Scribble at 2022-03-24 14:14:36 Last modified: 2022-03-25 08:05:17

BGM を聞きながら仕事をすると捗るというのは、はっきり言って錯覚だと思う。

これまで何か実験とか論証があったという話を聞かないわけだが、そもそも「仕事が捗る」とは作業に集中しているということなのだから、そんな状況で音など聞こえているわけがないのである。つまり、BGM というものは実はプレイヤーなどで音を鳴らし始めてから数分しか意味を為さず、そのあとは曲が鳴っていようがいまいが関係ないのだ。もし、業務に携わりながらも鳴っている曲が聞こえているというなら、それはまさに仕事に集中できていない証拠であり、それが曲を再生しているからだとすると、BGM を鳴らすのは仕事にとって逆効果ということにもなろう。つまり、仕事を始めるオープニング・ミュージックなり〈助走〉としては何ほどかの高揚感とか自意識プレイの道具として心理的な効果があるのかもしれないが、その数分後には BGM は無意味であるか逆効果にしかならない。
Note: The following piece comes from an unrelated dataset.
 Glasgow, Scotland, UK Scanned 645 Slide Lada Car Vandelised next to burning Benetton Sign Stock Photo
この事例を考えていたときに思い当たったのだが、他にも似たような事例がある。それは、よく新聞広告や英語学習雑誌などでお目にかかる通信販売の商品で、「聞き流していると英語が上達する」などと称しているものだ。これも、僕が中学生の頃に流行した「睡眠学習まくら」みたいな詐欺商品と同じく、効果などない。また、列車通勤している最中にスマートフォンか MP3 プレイヤーで英会話の教材を聞き流す学習法なども紹介されるが、これも実際に僕が(それこそ睡眠学習まくらすら買ったことがあるので)やっていた実感として言えば殆ど効果がないと思う。なぜなら、聞き流すということは他に何かやっているからであり、通勤時であればスマートフォンで他にニューズのサイトで記事を読んでいたりするだろうし、英語の教材を聞き流しながら数学の勉強をしていたりするかもしれないが、人間には複数の志向性を与えた事柄について、同時に同じだけの注意力で応対したり知覚するなんて能力はないからである。
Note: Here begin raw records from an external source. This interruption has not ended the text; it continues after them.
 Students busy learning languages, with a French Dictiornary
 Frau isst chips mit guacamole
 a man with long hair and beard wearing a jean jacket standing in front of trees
そもそも言語なり言葉を習得するというのは、誰か相手に向かって自分の〈言いたいこと〉を言葉として発したり、あるいは誰かが〈言っていること〉を言葉として理解する能力を得るということだ。したがって、発せられた言葉を BGM なり単なる音として聞く(「聴く」のではなく)だけでは習得どころか何が聞こえているのかわからないし、そもそも何かが音として聞こえていたという記憶すら残らないだろう。そんなものは言語の習得とは関係のない、何のためにやっているのか理解しないまま続ける猿真似でしかないのだ。
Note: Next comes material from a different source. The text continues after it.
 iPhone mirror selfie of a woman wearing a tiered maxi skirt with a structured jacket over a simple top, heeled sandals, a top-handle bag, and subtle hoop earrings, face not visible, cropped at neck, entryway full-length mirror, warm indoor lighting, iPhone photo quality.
よく、日本人は英語が下手だと言われたりする。それは読んだり話せない、つまり使えないということであり、僕もその一人かもしれない。しかし、最低でも大学院で学んだ経験があったり仕事に活用したり(僕が Zend Certified Engineer という PHP の資格試験を取得した当時は英語の試験しかなかった)できるていどに英語を使ってきた者として言わせてもらえば、日本の英語教育や英語の学習教材とか出版物とか英会話スクールには、海外と比べて大差がない。日本人の多くが英語を習得できない最も大きな原因は、これも多くの人が指摘していることだが、大半の日本人にとって英語なんか勉強する必要がないのだ。事実、古典から一般書に至るまで、外国語で書かれた本をこれだけ翻訳している国もない筈であり、学部レベルなら哲学でも大半の古典の研究に原書を使う必要が殆どないはずだ。一次文献どころか二次文献や通俗本すら翻訳されているからである。映画や小説も続々と吹き替え版や翻訳書が出るし、海外のニューズ番組も必要なら同時通訳で放映してくれる。たとえば、ウクライナのゼレンスキー大統領が行った演説を、アメリカの議会については日本のメディアが同時通訳で放映するけれど、日本の議会についてアメリカのメディアが同時通訳で放映なんてしない。これだけ翻訳されたメディアが十分すぎるほどあり、そして更に自動翻訳のソフトウェアもあれば通訳デバイスまで発売されている。いったいこれだけの状況で、英語の勉強なんて受験以外の目的でやる必要があろうか。楽天の社員? 知るか。仕事で必要なら勉強すればいいし、勉強とは本来は必要を感じてやるものだ。ここでは大半の日本人にとって必要ないだろうという話をしているのである。

[追記:2022-03-25] 後から調べると、BGM と作業効率に強い関連性は認められないという結果があるようだ(https://fukui-kateikyousi.com/blog/16822)。他には池谷裕二氏が BGM に関してインタビューに答えている記事(https://r25.jp/article/564374415183230643)もあるが、正直なところ雑談レベルでしかなく、一つ目に紹介した家庭教師の記事と同レベルと言っていい。逆に、研究成果として関連性を認めるような結論の論文があり、こちらも確かに検討には値するだろう。ただ、被験者が8名と少なく、大学生という基本的な標本の偏りがあり、単純作業では一定の効果があったというものの、その効果は「内田クレペリン検査」と呼ばれる3分ていどのあいだ1桁の足し算を延々と繰り返す結果で測っているため、現実の大半の業務とは違っているし、せいぜい3分の結果でしかなく、また有意に異なる差があったと言っても、それを当人が「BGM を聴くと捗る」と自分自身で知覚・実感できるような差なのかどうかも怪しい。